Those who have read it know that Mary Shelley’s Frankenstein is a creepy story. Scientist creates a monster who then goes on to kill all his master holds dear… Not something I’d read to my children to get them to go to sleep.
Why did this story happen? Have you guessed it?
A volcanic eruption.
Well, more or less.
From April 5-15, 1815, Mount Tambora in Indonesia went on a rampage of violent eruptions, the worst occurring on the 15th. It was estimated that there were over 82,000 deaths from Tambora. According to National Public Radio (and this website), “Mount Tambora launched 100 cubic kilometers of rock into the air – 10 times more than Italy’s Vesuvius, which buried Pompeii in 79 A.D., and 150 times more than Mount Saint Helens.”
The volcanic cloud filled up the atmosphere and dropped global temperatures by three degrees Celsius. One year later, the cloud made its way into the Northern Hemisphere and caused cooler temperature and crop failures. 1816 became known as ‘the year without a summer.’ Many areas had snow in June, and frosty nights in July, August, and September.

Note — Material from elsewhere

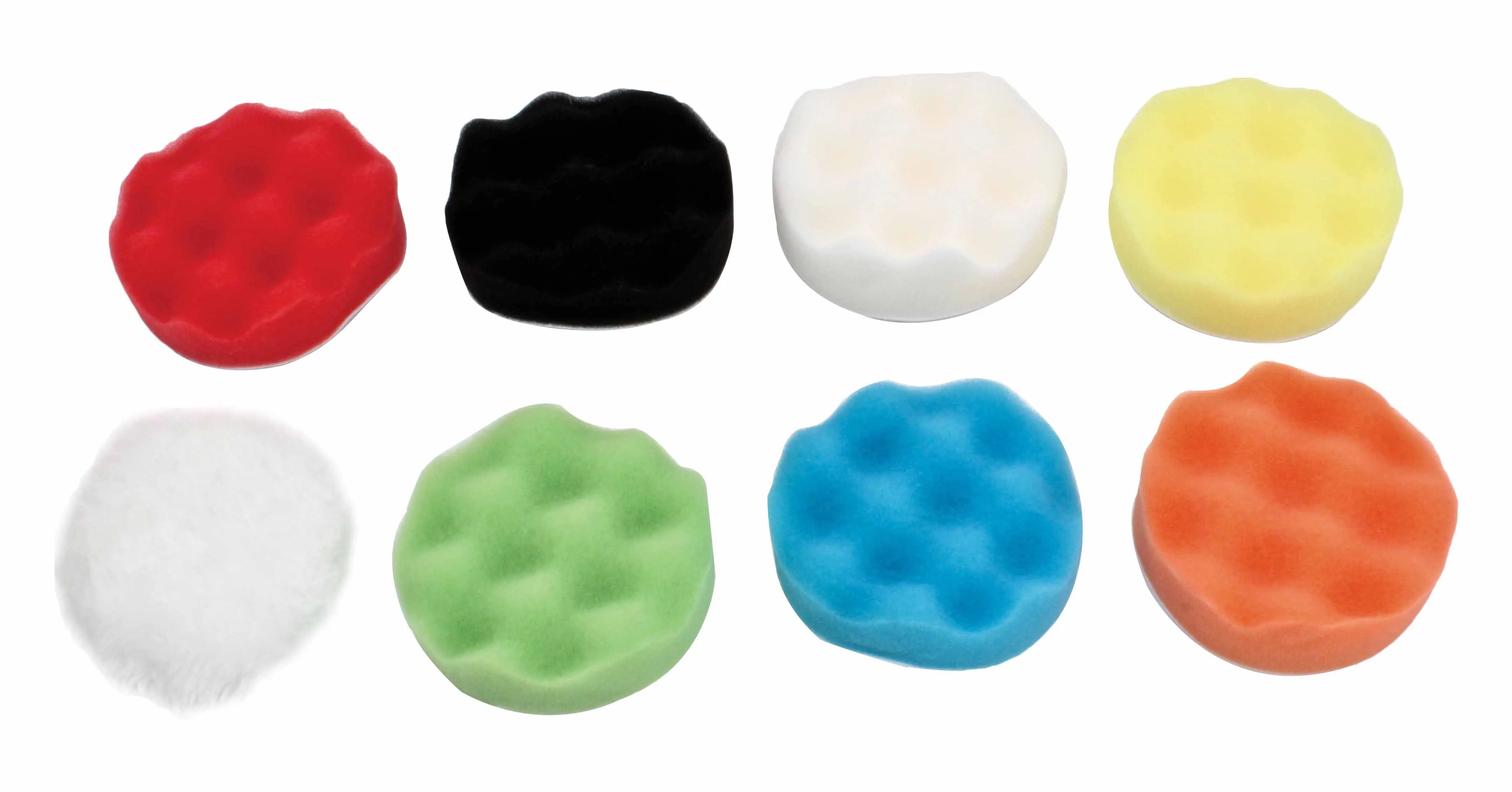 Top view of eight round polishing pads in different colors including a white fluffy pad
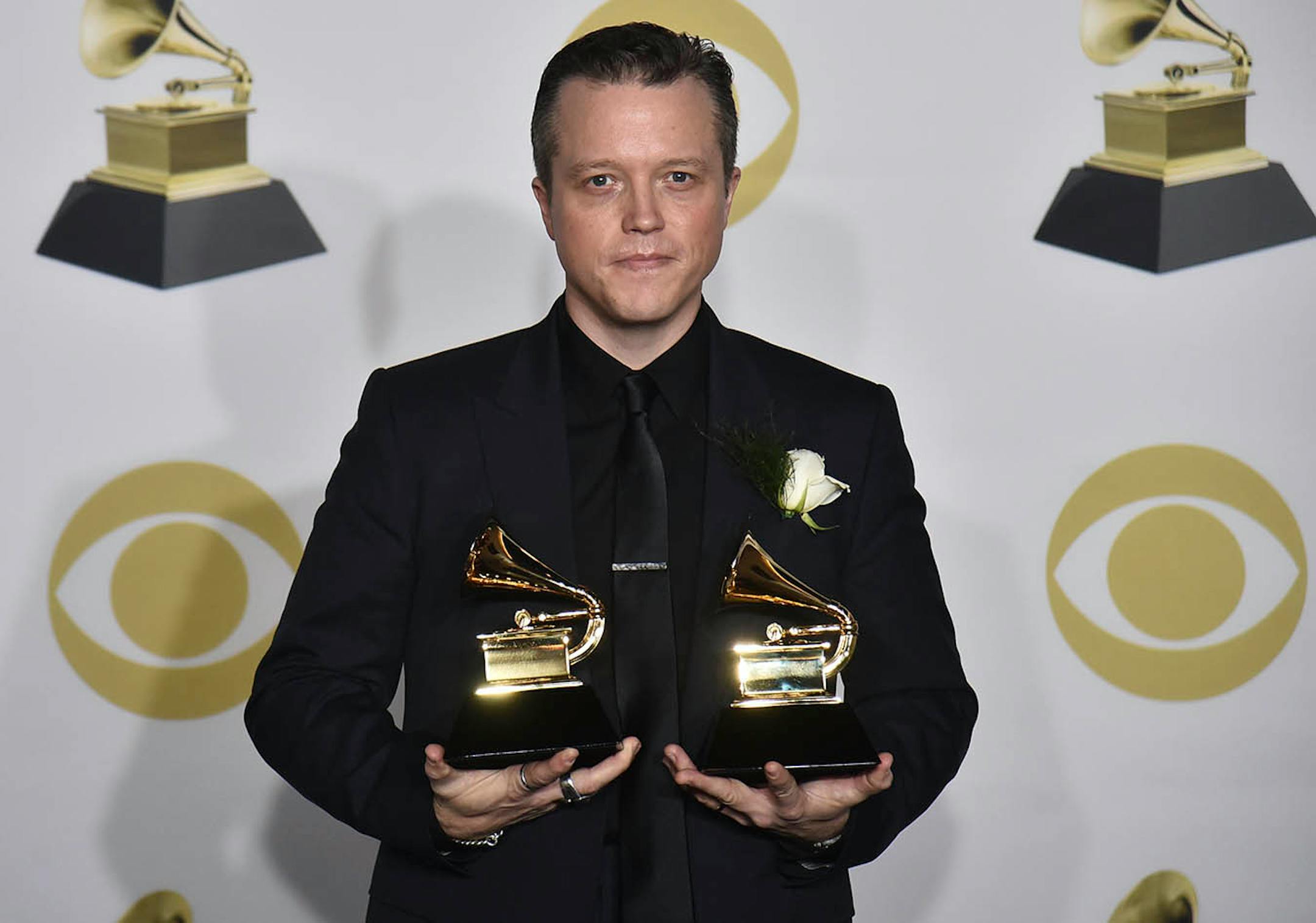 Jason Isbell poses in the press room with the best American roots song award for "If We Were Vampires" and the best Americana album award for "The Nashville Sound" at the 60th annual Grammy Awards at Madison Square Garden on Sunday, Jan. 28, 2018, in New York.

During this volcanic winter, 18-year-old Mary Shelley and her lover (and later husband) Percy Bysshe Shelley were visiting their friend Lord Byron in Switzerland, near Geneva Lake. The unfortunate weather conditions, thanks to Mount Tambora, were too dreary to allow for their planned summer holiday activities, so they retired to the indoors.
One stormy night, they were talking about the feasibility of turning a corpse or body parts to life (normal dinner conversation at my get-togethers, too). They were seated around a log fire in Byron’s villa, and along with discussing raising the dead, exchanged ghost stories to pass the cold night. This inspired the inspirational Lord Byron to suggest that they each write their own supernatural tale, as a sort of competition.
Later, in a waking dream, Mary Shelley conceived the idea for Frankenstein:
“I saw the pale student of unhallowed arts kneeling beside the thing he had put together. I saw the hideous phantasm of a man stretched out, and then, on the working of some powerful engine, show signs of life, and stir with an uneasy, half vital motion. Frightful must it be; for SUPREMELY frightful would be the effect of any human endeavour to mock the stupendous mechanism of the Creator of the world.”
What started out as a short story became, with her husband’s encouragement, a full-fledged novel, which we – at least I – now enjoy.
On a side note, Lord Byron wrote a fragment based on legends he had heard while he traveled in the Balkans, and from this author John Polidori wrote The Vampyre (1819), the progenitor of the romantic (not Twilight romantic, mind you) vampire literary genre. The image of a vampire as a aristocratic gentleman first appeared in this book, and then adapted in Bram Stoker’s Dracula (1897).
Thus, two legendary horror tales blossomed from the cold shadow of Mount Tambora’s eruption.